MSP: Piróg jest winny sytuacji w Locie
Reklama
Prezes LOT-u jest winny obecnej sytuacji linii - uważa Mikołaj Budzanowski, minister skarbu państwa.
- Dlatego oczekuję jutro (13.12 - przyp. red.) od rady nadzorczej wyciągnięcia konsekwencji personalnych w stosunku do prezesa tej spółki za ostatnie dwa lata - powiedział Budzanowski na konferencji prasowej.
Ministerstwo Skarbu Państwa obwinia Piróga za to, że proces restrukturyzacji przez ostatnie dwa lata był prowadzony niewłaściwie. Według Budzanowskiego prezes LOT-u ponosi osobistą odpowiedzialność za problemy linii, która zwróciła się do ministerstwa o łącznie 1,5 mld złotych pomocy.
Minister ma również pretensje o to, że jeszcze we wrześniu Piróg zapewniał, że sytuacja LOT-u nie jest zła. Tymczasem prośba o pomoc publiczną, której tylko pierwsza transza ma wynosić 400 mln zł, świadczy o czymś innym.
Zarówno rzeczniczka MSP, jak i rzecznik LOT-u nie odbierają telefonów. Nie udało nam się potwierdzić, czy jedyną satysfakcjonująca ministra decyzją będzie dymisja prezesa Piróga. Nie znamy też stanowiska narodowego przewoźnika.
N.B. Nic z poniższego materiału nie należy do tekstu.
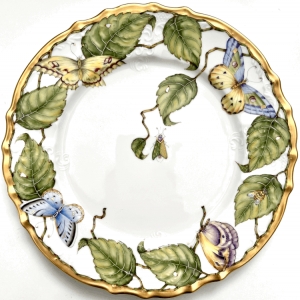 Anna Weatherley Summer Morning Dinner Plate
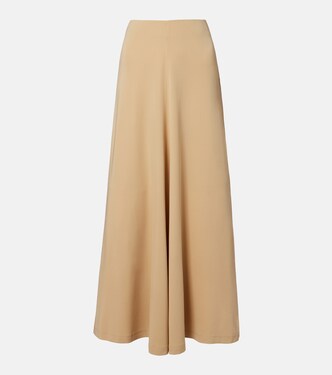 Jersey maxi skirt | Toteme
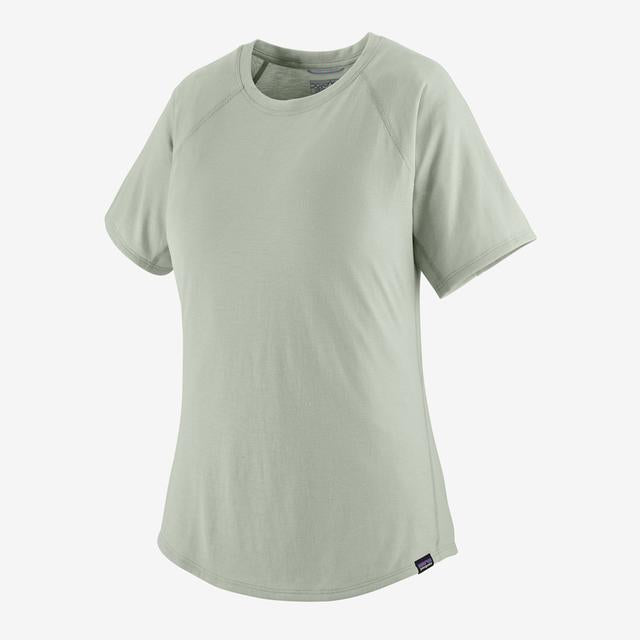 Women's Cap Cool Trail Shirt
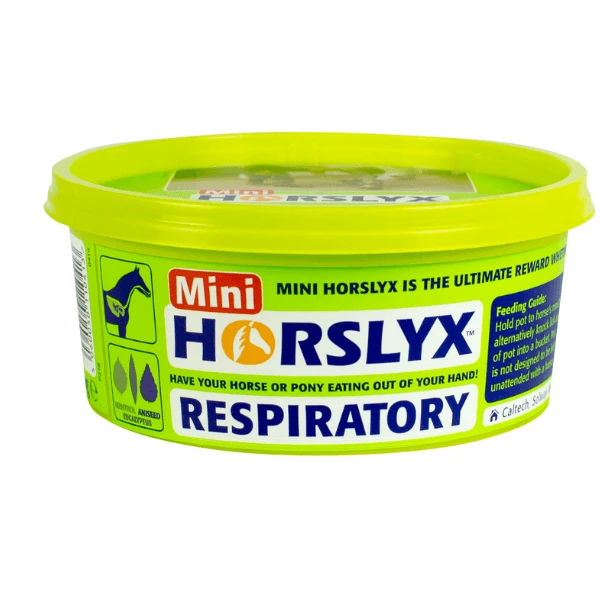 HORSLYX RESPIRATORY 650g
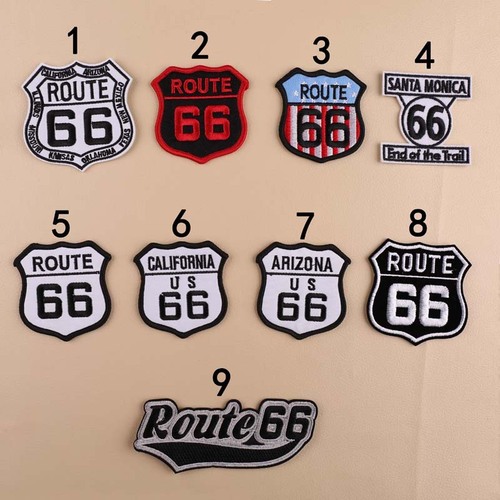 Yixiu embroidery cloth stickers computer embroidery stamps exquisite DIY number 66 shoulder straps armbands clothing decoration patch stickers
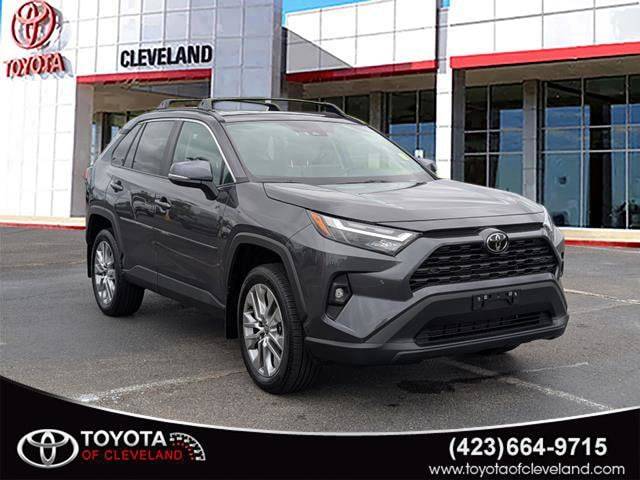 2024 Toyota RAV4 XLE Premium — SUV — 9,226 mi — McDonald, TN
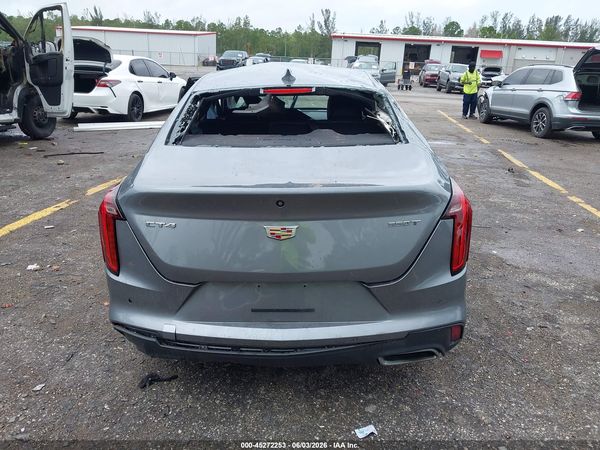 2021 CADILLAC CT4 PREMIUM LUXURY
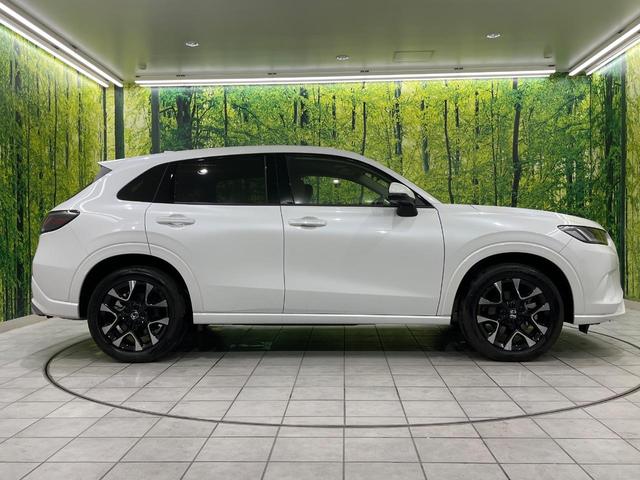 ＺＲ－Ｖ ｅ：ＨＥＶ　Ｚ　全周囲カメラ　衝突被害軽減システム　レーダークルーズ　禁煙車　電動リアゲート　レザーシート　コーナーセンサー　スマートキー　ＬＥＤヘッド　ＥＴＣ２．０　車線逸脱警報　オートライト　デュアルエアコン（59枚目）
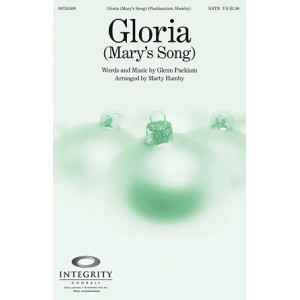 Gloria (Mary's Song)
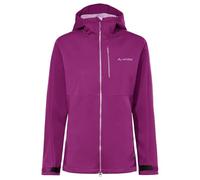 VAUDE Women's All Year Elope Softshell Jacket II Chaqueta Mujer (Pack de 1)
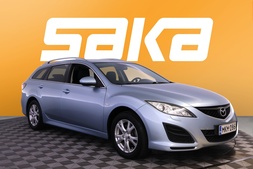 Mazda 6 vaihtoauto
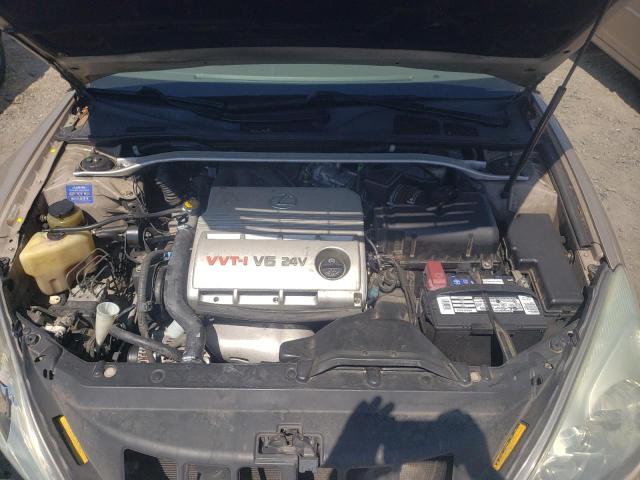 Photo 11 from auction – 2003 LEXUS ES 300 with VIN JTHBF30G130114436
Dziś przez cały dzień trwają spotkania prezesa LOT-u z pracownikami na temat planu restrukturyzacyjnego. Ma on zakładać m.in. duże zwolnienia. Z taką metodą oszczędzania nie zgadzają się związki zawodowe, jednak według doniesień tvn24.pl na razie związkowcy nie planują strajku.